Supplied data:
....

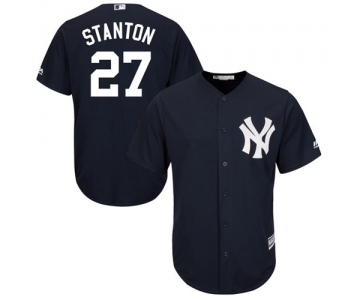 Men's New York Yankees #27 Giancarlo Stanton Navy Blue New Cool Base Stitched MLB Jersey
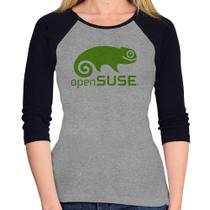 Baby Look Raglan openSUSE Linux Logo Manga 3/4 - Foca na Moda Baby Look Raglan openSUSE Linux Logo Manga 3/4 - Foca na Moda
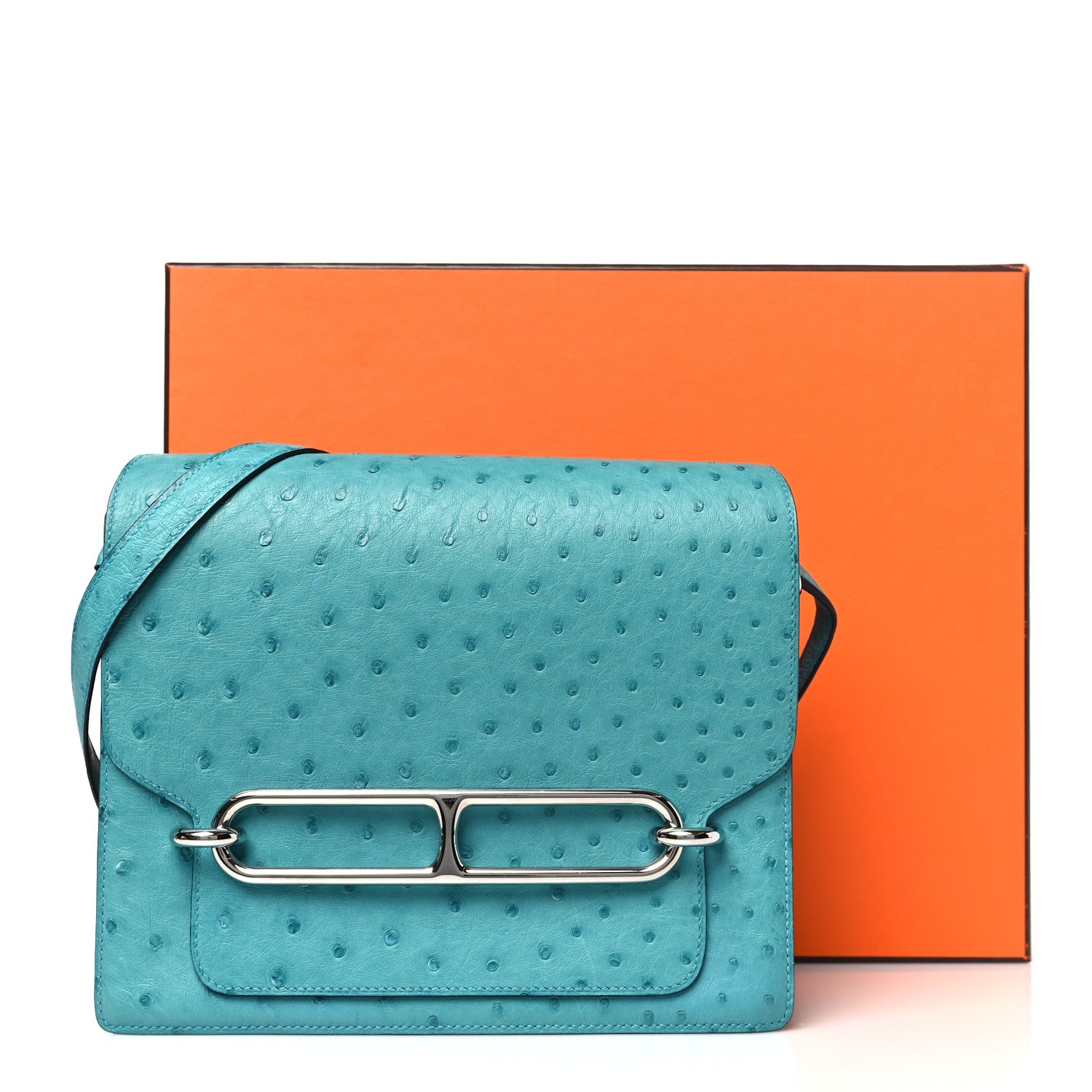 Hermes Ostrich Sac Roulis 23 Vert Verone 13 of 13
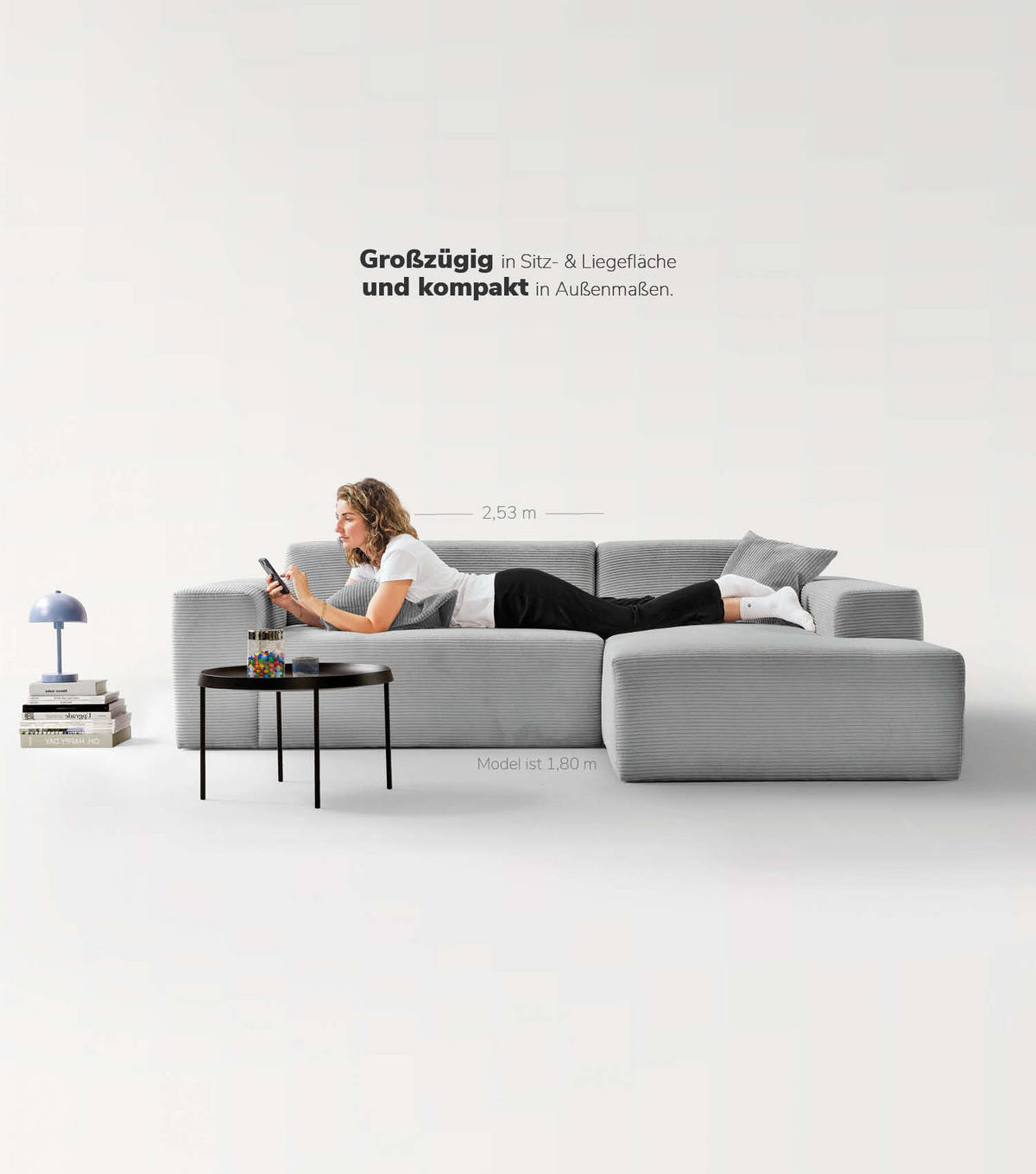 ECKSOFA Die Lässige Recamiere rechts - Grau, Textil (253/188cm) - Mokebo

....

Task description: Return the listing unchanged except for the pictures, which should be dropped.

Solved exercise:
 Men's New York Yankees #27 Giancarlo Stanton Navy Blue New Cool Base Stitched MLB Jersey
 Baby Look Raglan openSUSE Linux Logo Manga 3/4 - Foca na Moda Baby Look Raglan openSUSE Linux Logo Manga 3/4 - Foca na Moda
 Hermes Ostrich Sac Roulis 23 Vert Verone 13 of 13
 ECKSOFA Die Lässige Recamiere rechts - Grau, Textil (253/188cm) - Mokebo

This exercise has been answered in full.